=== Begin Enclosure ===
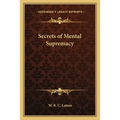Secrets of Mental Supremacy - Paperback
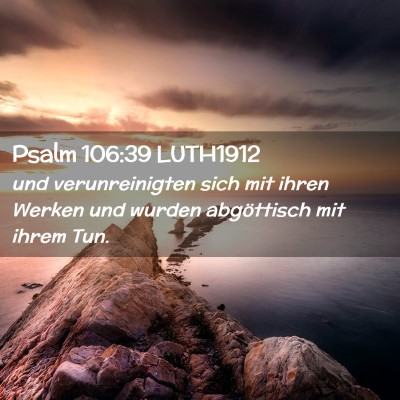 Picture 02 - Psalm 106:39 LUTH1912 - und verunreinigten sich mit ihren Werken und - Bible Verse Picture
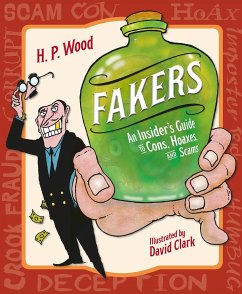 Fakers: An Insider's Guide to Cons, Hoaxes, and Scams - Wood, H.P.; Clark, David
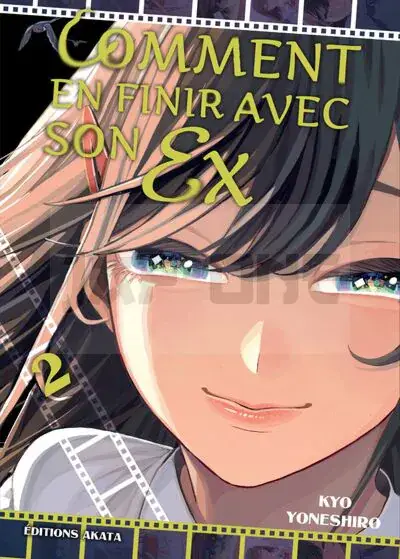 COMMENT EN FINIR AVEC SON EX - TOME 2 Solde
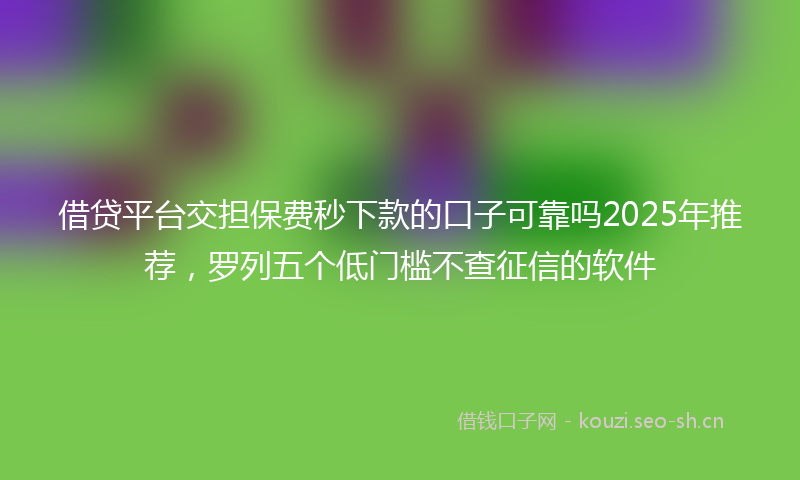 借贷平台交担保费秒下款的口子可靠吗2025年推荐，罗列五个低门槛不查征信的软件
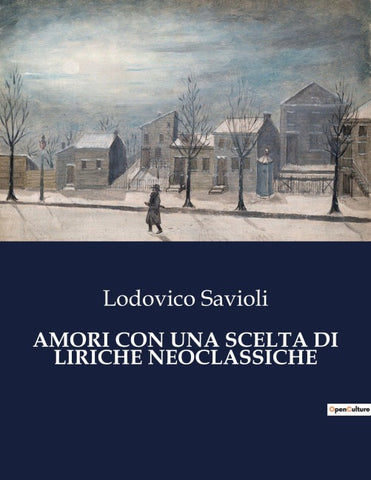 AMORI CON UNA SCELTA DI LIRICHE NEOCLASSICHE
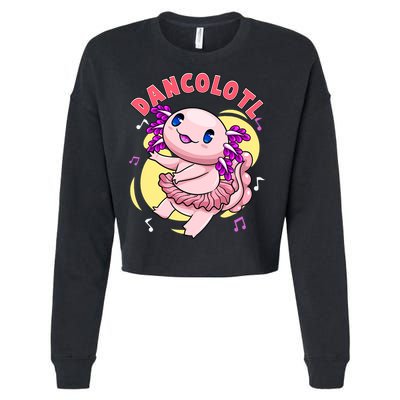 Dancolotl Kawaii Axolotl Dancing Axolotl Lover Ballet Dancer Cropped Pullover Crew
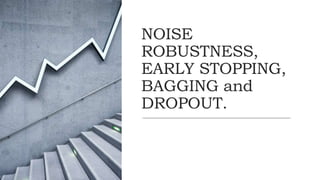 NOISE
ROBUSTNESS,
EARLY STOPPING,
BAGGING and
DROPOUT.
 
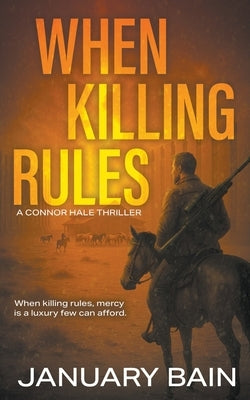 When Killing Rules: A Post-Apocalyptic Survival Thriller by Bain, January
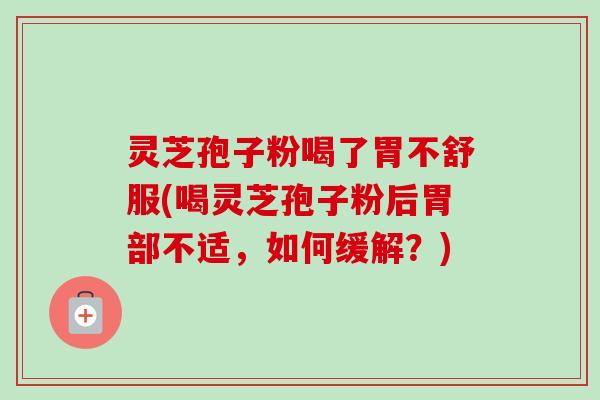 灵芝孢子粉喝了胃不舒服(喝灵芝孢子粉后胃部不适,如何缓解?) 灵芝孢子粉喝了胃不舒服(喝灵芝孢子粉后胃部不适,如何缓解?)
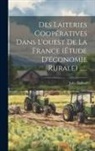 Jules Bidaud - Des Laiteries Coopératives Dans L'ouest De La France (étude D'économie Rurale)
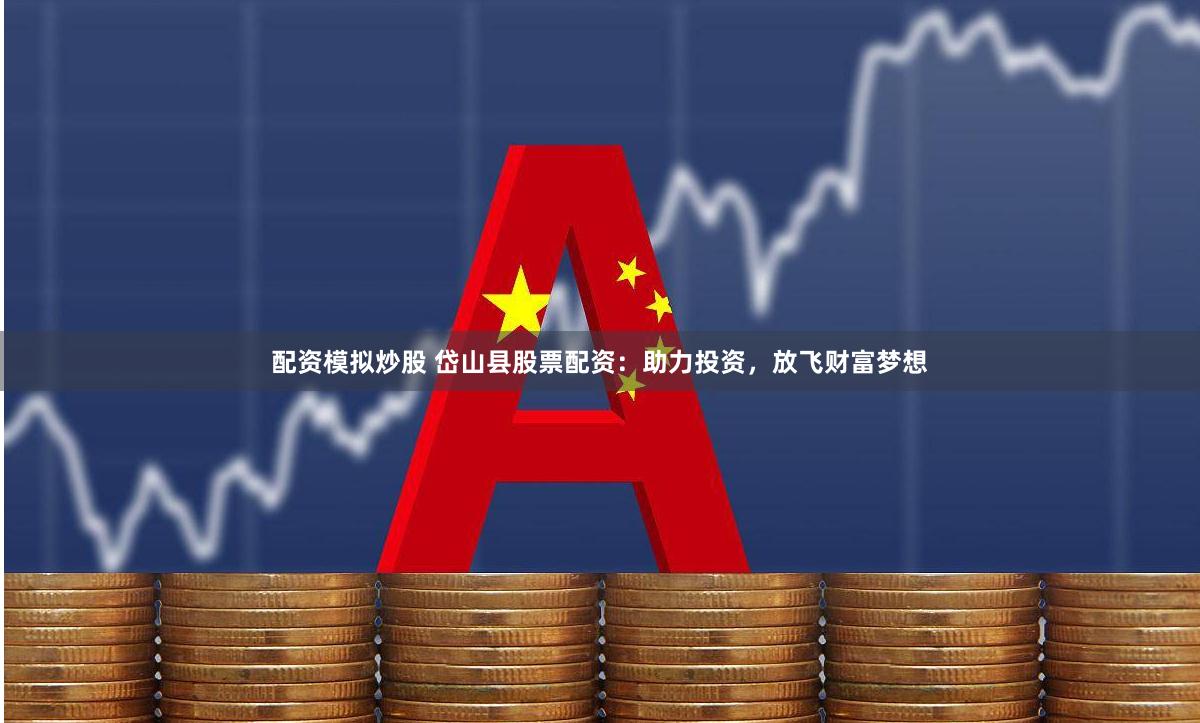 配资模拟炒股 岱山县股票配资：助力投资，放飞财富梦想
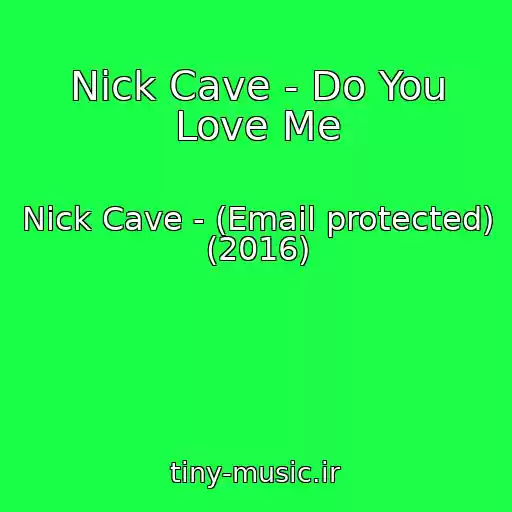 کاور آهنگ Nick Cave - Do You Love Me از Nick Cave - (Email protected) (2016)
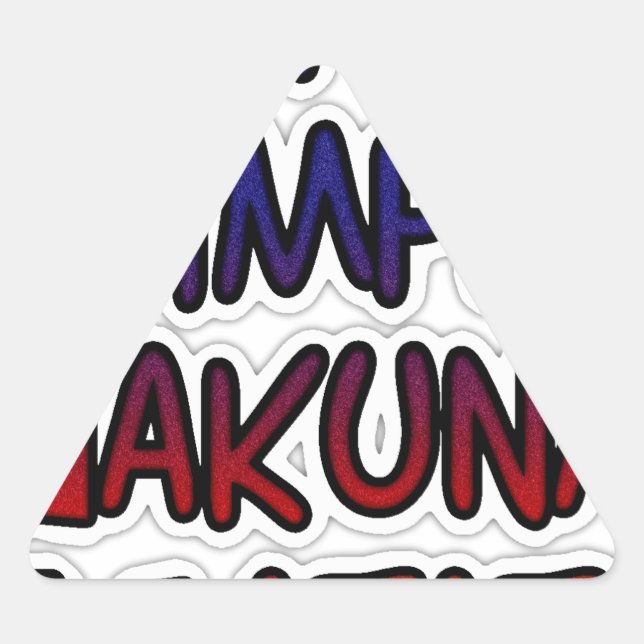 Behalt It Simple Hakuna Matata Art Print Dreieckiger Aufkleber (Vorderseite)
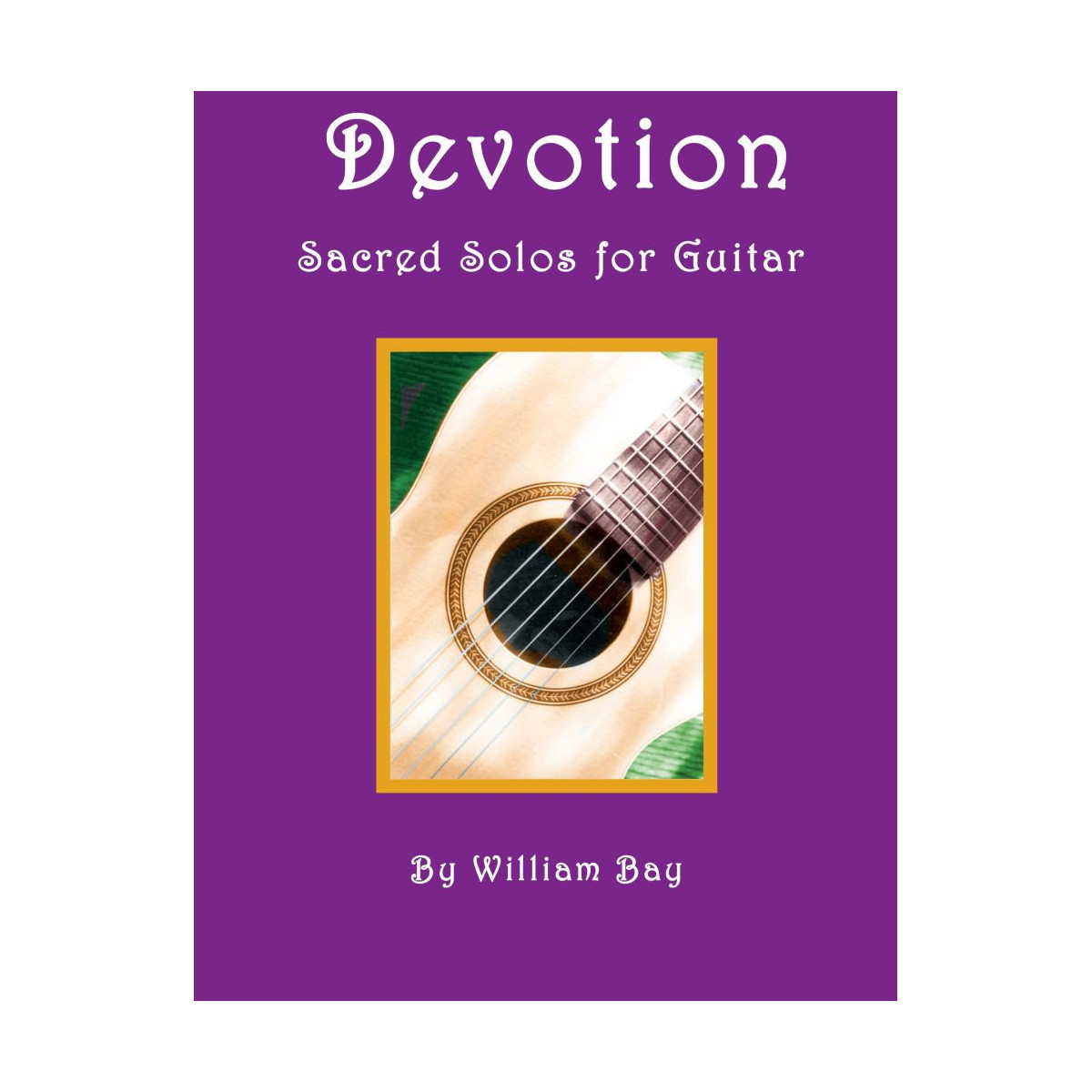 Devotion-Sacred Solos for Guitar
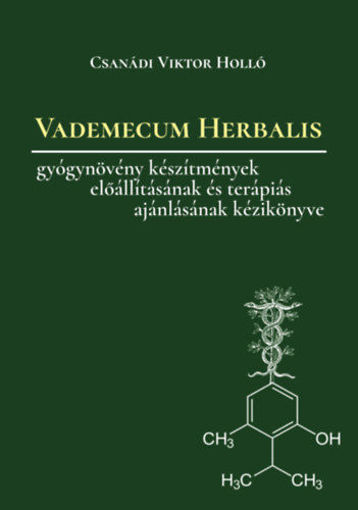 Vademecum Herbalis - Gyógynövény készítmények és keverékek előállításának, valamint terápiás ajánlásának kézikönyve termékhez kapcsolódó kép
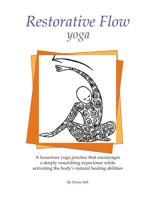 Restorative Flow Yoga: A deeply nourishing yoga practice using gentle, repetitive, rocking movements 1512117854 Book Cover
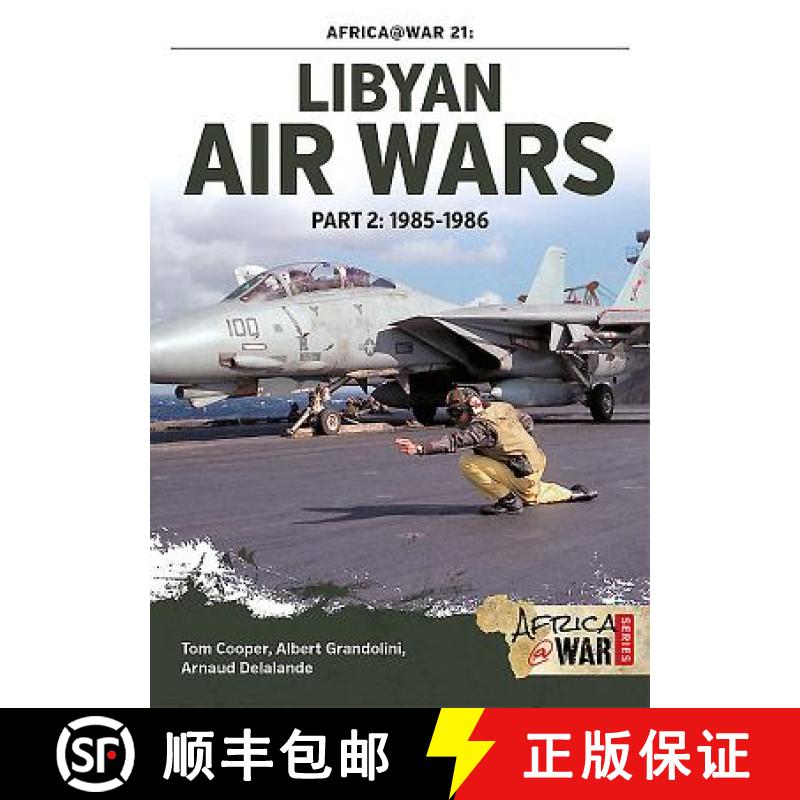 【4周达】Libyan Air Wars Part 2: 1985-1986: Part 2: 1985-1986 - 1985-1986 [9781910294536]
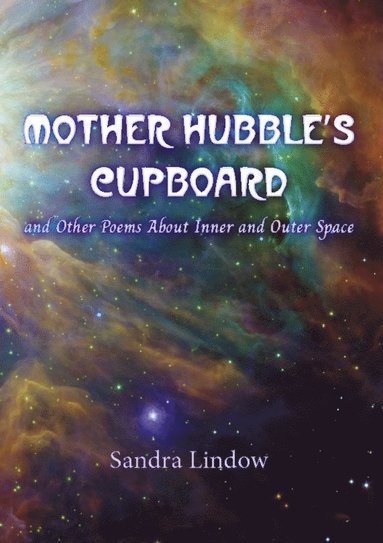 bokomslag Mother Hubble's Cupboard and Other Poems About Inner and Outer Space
=== End Enclosure ===
PROBLEM REQUIREMENTS ▸
Although the records contain pictures, return only their text, exactly as written.

WORKED SOLUTION ▸
Secrets of Mental Supremacy - Paperback
 Picture 02 - Psalm 106:39 LUTH1912 - und verunreinigten sich mit ihren Werken und - Bible Verse Picture
 Fakers: An Insider's Guide to Cons, Hoaxes, and Scams - Wood, H.P.; Clark, David
 COMMENT EN FINIR AVEC SON EX - TOME 2 Solde
 借贷平台交担保费秒下款的口子可靠吗2025年推荐，罗列五个低门槛不查征信的软件
 AMORI CON UNA SCELTA DI LIRICHE NEOCLASSICHE
 Dancolotl Kawaii Axolotl Dancing Axolotl Lover Ballet Dancer Cropped Pullover Crew
 NOISE
ROBUSTNESS,
EARLY STOPPING,
BAGGING and
DROPOUT.
 
 When Killing Rules: A Post-Apocalyptic Survival Thriller by Bain, January
 灵芝孢子粉喝了胃不舒服(喝灵芝孢子粉后胃部不适,如何缓解?) 灵芝孢子粉喝了胃不舒服(喝灵芝孢子粉后胃部不适,如何缓解?)
 Jules Bidaud - Des Laiteries Coopératives Dans L'ouest De La France (étude D'économie Rurale)
 配资模拟炒股 岱山县股票配资：助力投资，放飞财富梦想
 کاور آهنگ Nick Cave - Do You Love Me از Nick Cave - (Email protected) (2016)
 Behalt It Simple Hakuna Matata Art Print Dreieckiger Aufkleber (Vorderseite)
 Devotion-Sacred Solos for Guitar
 Vademecum Herbalis - Gyógynövény készítmények és keverékek előállításának, valamint terápiás ajánlásának kézikönyve termékhez kapcsolódó kép
 Restorative Flow Yoga: A deeply nourishing yoga practice using gentle, repetitive, rocking movements 1512117854 Book Cover
 【4周达】Libyan Air Wars Part 2: 1985-1986: Part 2: 1985-1986 - 1985-1986 [9781910294536]
 bokomslag Mother Hubble's Cupboard and Other Poems About Inner and Outer Space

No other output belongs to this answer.